In innumerable hymn-books the former hymn, sometimes translated “Beautiful Saviour” and sometimes “Fairest Lord Jesus,” is designated as “The Crusaders’ Hymn.” The hymn was first introduced to American worshipers by Richard Storrs Willis, who included it in his “Church Chorals and Choir Studies,” published in 1850. It was accompanied with this explanation: “This hymn, to which the harmony has been added, was lately (1850) discovered in Westphalia. According to the traditionary text by which it is accompanied, it was wont to be sung by the German knights on their way to Jerusalem. The only hymn of the same century which in point of style resembles this is one quoted by Burney from the Chatelaine de Coucy, set about the year 1190, very far inferior, however, to this.”

In a London hymn-book, “Heart Melodies” by Morgan and Chase, the same error is repeated. There it is referred to as “Crusader’s Hymn of the Twelfth Century. This air 132 and hymn used to be sung by the German pilgrims on their way to Jerusalem.”

“For these statements,” writes James Mearns, “there does not seem to be the shadow of foundation, for the air referred to has not been traced earlier than 1842, nor the words than 1677.”

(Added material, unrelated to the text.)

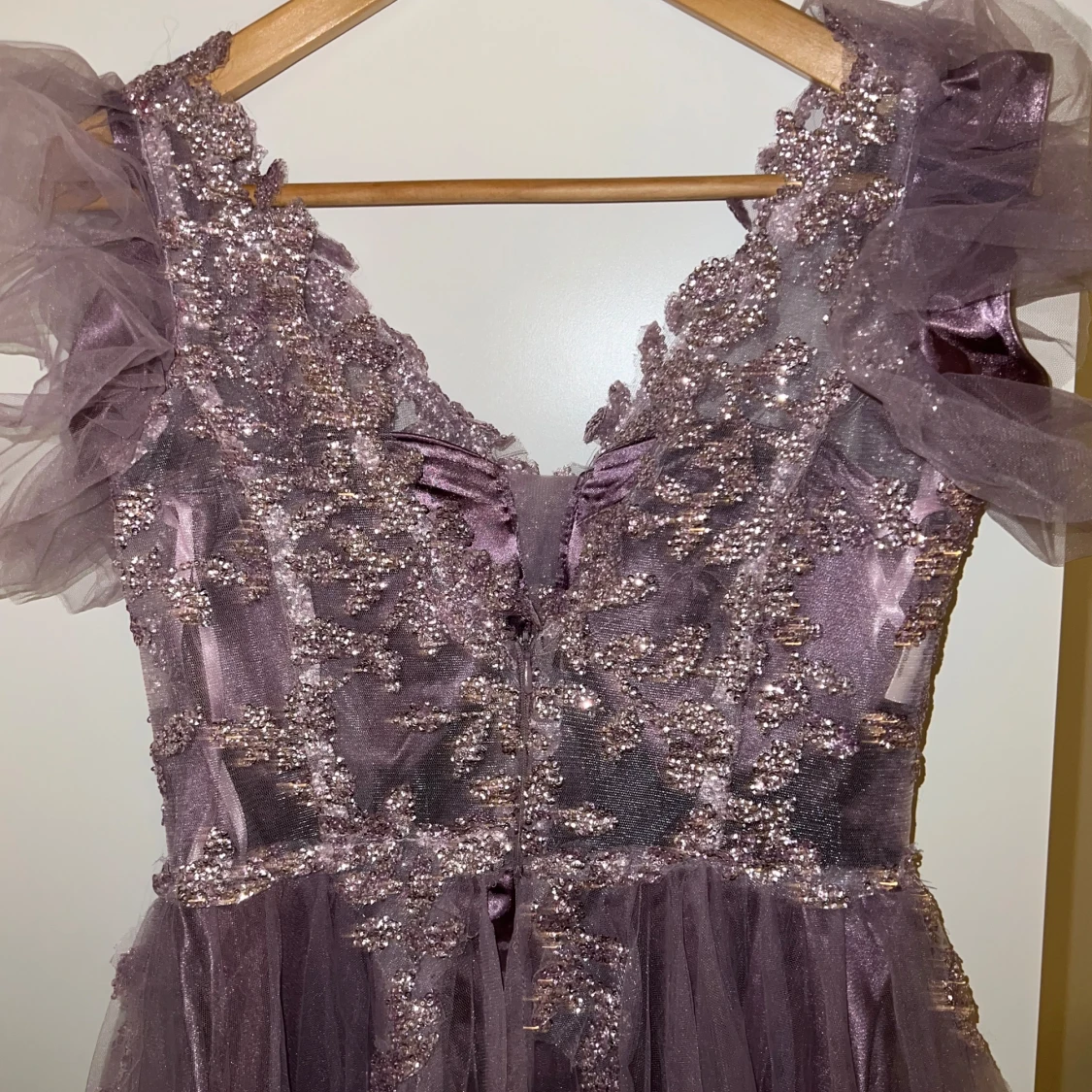 Ljuslila långklänning med glitter från Abiyenial - 2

The hymn appeared anonymously in the “Münster Gesangbuch” of 1677, where it was published as the first of “Three beautiful selected new hymns.” In a book of Silesian folk songs, published in Leipzig in 1842, the text is found in altered form and the beautiful melody to which it is now sung is given for the first time. Both text and melody, it is explained in this book, were taken down from oral recitation in the district of Glaz, in lower Silesia. From these facts we are compelled to draw the conclusion that this glorious hymn of adoration to the Saviour probably dates back to the seventeenth century, while the melody is undoubtedly a Silesian folk song of much later origin.

The English translation, “Beautiful Saviour,” has come to us from the pen of Joseph A. Seiss, the noted Lutheran preacher of Philadelphia.

“Silent night, holy night” also is a hymn around which numerous legends have clustered. The most unfortunate of these deals with its origin. According to this story, the hymn was written on a Christmas Eve by a “Mr. Mohr,” whose wife that very day had gone to celebrate Christmas in heaven. In an adjoining room the grief-stricken husband and father could see his little motherless children sleeping. Outside the house of mourning the stillness of the night was broken suddenly by the singing of Christmas carolers. They were singing the very songs his wife and children used to sing. Now, he thought, she is blending her voice with the angels. 133 Then came the inspiration for the hymn, and in a few moments he had penned the now famous “Stille Nacht.”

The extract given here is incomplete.